You know the old saying, “The shoemaker’s children go barefoot?” It’s the idea that people who are experts at something often fail to practice their principles at home. That was me before Orgasmic Meditation. I was a professional therapist and marriage counselor, and my own marriage had fallen apart. I was crushed and embarrassed.
Let me back up a second – I grew up in a very close-minded, deeply religious family. I was outwardly compliant and a “good boy.” On the inside, I was rebellious. That just seemed normal to me. Part of being an adult, I figured, was learning to keep your internal defiance repressed. You needed to suit-up and show up and be a good Christian man. That’s what led me to get married young, and it worked – until the wheels fell off the bus.
After my divorce, I knew I needed to fix something in me before I could go back to trying to fix other people. I began to do a lot of work. I started with Christian counselors, who relied more on the Bible than conventional psychology. When that didn’t work, I started to see secular professionals, and that was a bit more effective. It was slow going. I spent four years doing this inner work, until the divorce was finally over. By that point, I knew that therapy wasn’t going to cut it by itself. I needed to find other sources of wisdom, and I began to search online. That soon led me to OM.
I spent a few months attending men’s groups, where other guys who practiced OM came together to talk about their lives. From the moment I had sat down with these men, I knew that they were the real deal. I liked how honest and aware they were, and I appreciated that they were welcoming of someone who had never OMed before. My Christian background initially made me very reluctant to take the next step and witness an OM. Maybe I could just soak up the benefits via osmosis from the other guys. I figured out, eventually, that wouldn’t work.
I first OMed with this woman I had been dating. We had had this tentative relationship before we practiced together, and I had been unsure of how to move forward with her. I felt so much sensation in the OM. When we shared afterwards, we were both trembling with the energy we had created. I’d never experienced anything like that, nor had she. You might think that I’m describing some particularly arousing foreplay, but that’s not what this was. We both had had parts of ourselves that we had locked away for so long and OM allowed us to let loose what we had repressed for so damn long.

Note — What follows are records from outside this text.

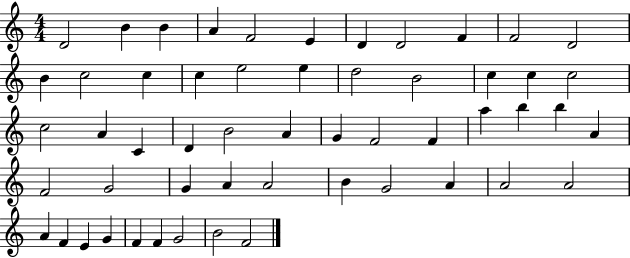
X:1
T:Untitled
M:4/4
L:1/4
K:C
D2 B B A F2 E D D2 F F2 D2 B c2 c c e2 e d2 B2 c c c2 c2 A C D B2 A G F2 F a b b A F2 G2 G A A2 B G2 A A2 A2 A F E G F F G2 B2 F2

This woman became very precise in what she wanted. As we continued to OM, she gave me these exquisitely exact adjustments. It was liberating for me. I didn’t have to be in control or play guessing games. At last, here was a woman who didn’t expect me to be a mind reader. And our relationship was really about practice. It didn't have the exclusive feeling I knew from dating and marriage. She encouraged me to treat women with the same care and attention I gave to her, and give them permission to tell me exactly what they wanted. She taught me that I have the power to create the space for people to share what's real for them.

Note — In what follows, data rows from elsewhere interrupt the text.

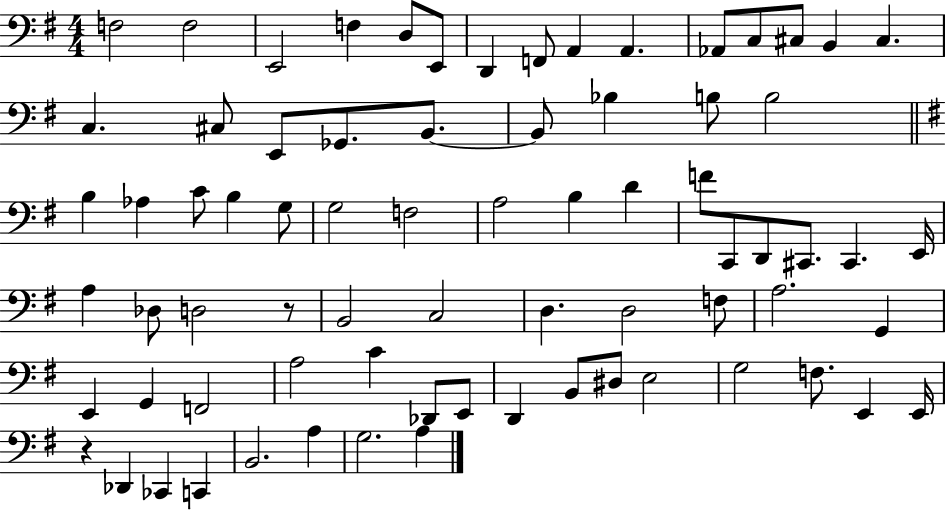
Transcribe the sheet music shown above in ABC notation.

X:1
T:Untitled
M:4/4
L:1/4
K:G
F,2 F,2 E,,2 F, D,/2 E,,/2 D,, F,,/2 A,, A,, _A,,/2 C,/2 ^C,/2 B,, ^C, C, ^C,/2 E,,/2 _G,,/2 B,,/2 B,,/2 _B, B,/2 B,2 B, _A, C/2 B, G,/2 G,2 F,2 A,2 B, D F/2 C,,/2 D,,/2 ^C,,/2 ^C,, E,,/4 A, _D,/2 D,2 z/2 B,,2 C,2 D, D,2 F,/2 A,2 G,, E,, G,, F,,2 A,2 C _D,,/2 E,,/2 D,, B,,/2 ^D,/2 E,2 G,2 F,/2 E,, E,,/4 z _D,, _C,, C,, B,,2 A, G,2 A,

One of the key tenets I heard in my first intro class was that I needed to learn to "say yes to my yes.” This is perhaps the most important thing I learned in OM, and it carries over into every area of my life. It is the exact opposite of what I was taught when I was young. I spent so much of my life saying no to my desires, until I had forgotten what those desires were in the first place. Saying “yes to my yes” has led me into so many new experiences and relationships I could never have imagined before.

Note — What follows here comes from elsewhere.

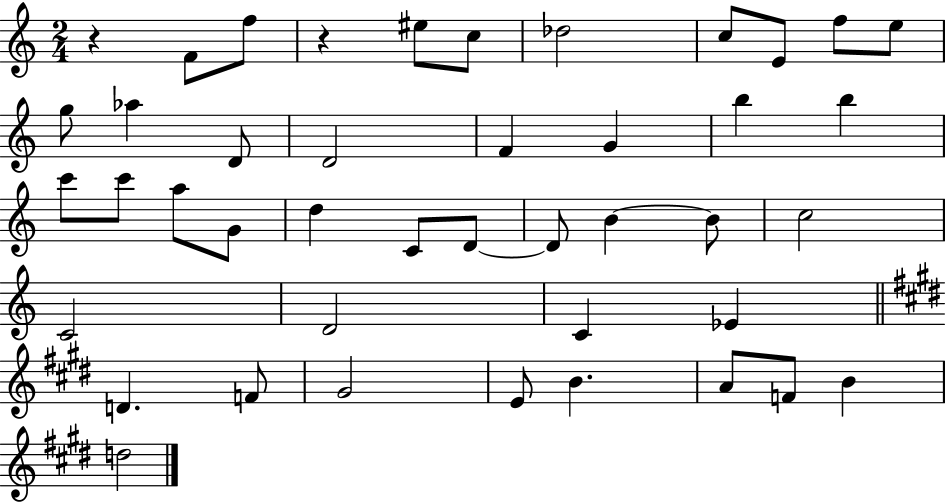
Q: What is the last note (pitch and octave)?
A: D5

Sometimes, though, the “yes” is to the very simple things. I’m nearly 50 years old, and I have a new hobby: skateboarding. Is it ridiculous for a man my age to learn to ride a skateboard? I don’t care! Maybe it is absurd and ridiculous, but so what? It brings me such joy. Riding my board is an act of self-love. I wish everyone could feel that same glee and peace I feel when I say yes to what I need and want. I’m so grateful OM taught me how to love myself in actions as well as words. I carry that lesson with me every day.